1. FJM TV says:

    Well the pyramid first was built for the museum for our dictator Enver hoxha then it was a television studio and now it’s just an building thet we kids climb

  2. Mimoza Hasanaj says:

    Loving this series! Thanx for sharing. Next time ask right people and they will truly help you find even more hidden gems (no not malls 😂). Also if you come back to Kosovo I’d truly recommend Rugova (Peje) the mountains are unbelievable, the cleanest air and water you’ll experience 🙂 cheers!

  3. Denise G- Hill says:

    My brothers friends come from Tirana.
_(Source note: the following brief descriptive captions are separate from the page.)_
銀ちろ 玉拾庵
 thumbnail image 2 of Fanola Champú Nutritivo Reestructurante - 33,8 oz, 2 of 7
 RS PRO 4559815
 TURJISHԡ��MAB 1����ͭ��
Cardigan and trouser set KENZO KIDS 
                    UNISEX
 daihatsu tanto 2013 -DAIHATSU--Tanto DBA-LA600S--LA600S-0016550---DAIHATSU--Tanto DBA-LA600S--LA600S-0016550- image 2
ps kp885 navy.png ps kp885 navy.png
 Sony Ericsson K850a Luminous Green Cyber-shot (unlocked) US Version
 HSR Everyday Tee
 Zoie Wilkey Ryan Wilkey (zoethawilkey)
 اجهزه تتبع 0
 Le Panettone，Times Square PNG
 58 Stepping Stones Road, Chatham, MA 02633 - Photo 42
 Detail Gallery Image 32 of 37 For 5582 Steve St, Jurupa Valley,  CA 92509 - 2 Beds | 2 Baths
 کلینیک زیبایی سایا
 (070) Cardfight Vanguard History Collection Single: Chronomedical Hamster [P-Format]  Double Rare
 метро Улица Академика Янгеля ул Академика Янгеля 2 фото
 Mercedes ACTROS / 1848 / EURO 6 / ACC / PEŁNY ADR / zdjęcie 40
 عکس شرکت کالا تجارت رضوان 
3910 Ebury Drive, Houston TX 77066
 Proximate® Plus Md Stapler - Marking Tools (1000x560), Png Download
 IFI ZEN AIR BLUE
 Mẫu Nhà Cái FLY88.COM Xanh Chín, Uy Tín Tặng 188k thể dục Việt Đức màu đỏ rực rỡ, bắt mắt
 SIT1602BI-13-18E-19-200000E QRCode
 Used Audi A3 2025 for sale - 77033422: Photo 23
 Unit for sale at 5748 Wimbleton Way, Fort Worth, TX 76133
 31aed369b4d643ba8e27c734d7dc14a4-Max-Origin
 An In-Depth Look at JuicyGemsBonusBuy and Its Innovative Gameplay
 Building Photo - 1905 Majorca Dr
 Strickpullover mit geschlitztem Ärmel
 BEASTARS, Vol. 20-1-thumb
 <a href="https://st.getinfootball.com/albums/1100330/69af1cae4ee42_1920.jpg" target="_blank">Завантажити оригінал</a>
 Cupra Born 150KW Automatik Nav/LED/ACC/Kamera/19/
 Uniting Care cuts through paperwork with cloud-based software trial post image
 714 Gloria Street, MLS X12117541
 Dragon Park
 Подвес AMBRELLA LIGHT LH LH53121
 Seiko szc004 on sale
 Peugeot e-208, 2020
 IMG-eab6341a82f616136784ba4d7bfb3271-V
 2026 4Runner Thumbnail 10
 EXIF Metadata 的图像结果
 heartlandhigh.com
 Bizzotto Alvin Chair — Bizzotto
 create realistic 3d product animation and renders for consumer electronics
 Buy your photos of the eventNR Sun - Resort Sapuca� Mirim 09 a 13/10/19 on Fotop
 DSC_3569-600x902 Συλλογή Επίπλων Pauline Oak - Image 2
They had to leave because the husband had received death threats because of his Uncle who was a policeman and he killed the murderer of his Brother.

  4. Tabula Rasa says:

    The Pyramid was built as a museum/shrine to dictator Enver Hoxha housing all of his memorabilia and belongings (kind of like a modern-day Pharaoh). I remember going there as a kid when it opened as a museum. It was very grand and ornate with red carpeting and roundabout architecture with an open center. I think it had 3 stories and each told a chapter of the story of Hoxha's life through objects belonging to him (army uniform, books, gun etc.) and the Communist party. I think in the 90s it became a dance club and then a convention center and now seems abandoned.

  5. danjel777 says:

    By the 1991 communism had fallen in Albania but the march 1991 elections left the communists in power so protests were held all over the contry and that photo is from a protest in Tirana

  6. Alan Vranian says:

    It is absolutely an important tourist attraction. As a symbol of a notorious communism, it resisted some attempts to be destroyed by previous governments. But it is still there, unrestored, a symbol of the mixed and contradictory history of Tirana. It was inaugurated on October 14, 1988, as the mausoleum of the dictator, Enver Hoxha. The pyramid form was designed by a group of architects led by the daughter and son-in-law of the dictator. Construction began in 1986 and ended in 1988. It did indeed serve as a mausoleum for Hoxha, until 1991, after which it became a conference and fair centre.

    It took its name—The Pyramid—during the student revolt of December 1990, both from its form but also as a symbol of dictatorship. Today, it is officially known as the Pjeter Arbnori International Cultural Centre, and stands out as a remarkable piece of architecture and legacy from communism.

    It is not a museum and you can walk around outside it any time of day or night. You can even climb to the top of it. Many children use it as a slide.